Funny how time seems so erratic, when it’s supposedly steady and predictable.
Lately, it speeds by in a blur, so that I can’t even recognize the hands on the clock. It’s exhausting trying to track them. Dizzying.
I keep thinking about that birthday I missed 30 days ago. I sat and watched it come and go so quickly, paralyzed by indecisiveness and a desire to do something exceptional. So I didn’t do anything at all.
There’s a check in my wallet someone gave me in August. I just can’t seem to get to the bank, even for money I need.
I bought two pairs of jeans on sale in April, intending to hem them. They are still tucked in my dresser with the tags still on.
I just turned 30 in May. In about six months, I am turning 32.
The pace at which time moves seems to force me to react to any and all situations by tossing water on the flames, instead of sitting back and roasting marshmallows.
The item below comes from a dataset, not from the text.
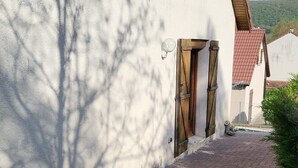 A building with a paved driveway, wooden shutters on the windows, and a clear sky. - Pro home (Besançon)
I wonder if there is anybody who knows how to do it the latter way.
Yet there are a few things that seem strangely oblivious to the passage of time. They are the things that I wish would keep pace with everything else.
A couple of injuries which seem undaunted by weeks and months. This cold, which has nestled itself into the corners of my lungs and refuses to come out. And an old heartbreak, which baffles me with its resiliency. Two and a half years later, it’s still waking up from hibernation at random and inopportune moments. Every time I am surprised. And a little annoyed.
All of this comes down to the control and independence I hold onto with white knuckles. I try to hand it over. I have before over and over. God has his hands out waiting. Yet for some reason, I figure it’s easier for me to take care of it all than to surrender it to the all-knowing, all-powerful Creator of the Universe, who has a better idea of the big picture than I do. When I stop and look at it like that, I’m shaken by my arrogance and distrust.
That realization scares me into tossing it over. And the clock resets, the second hand slowing down. The absence of the weight makes me totter briefly. I can breathe.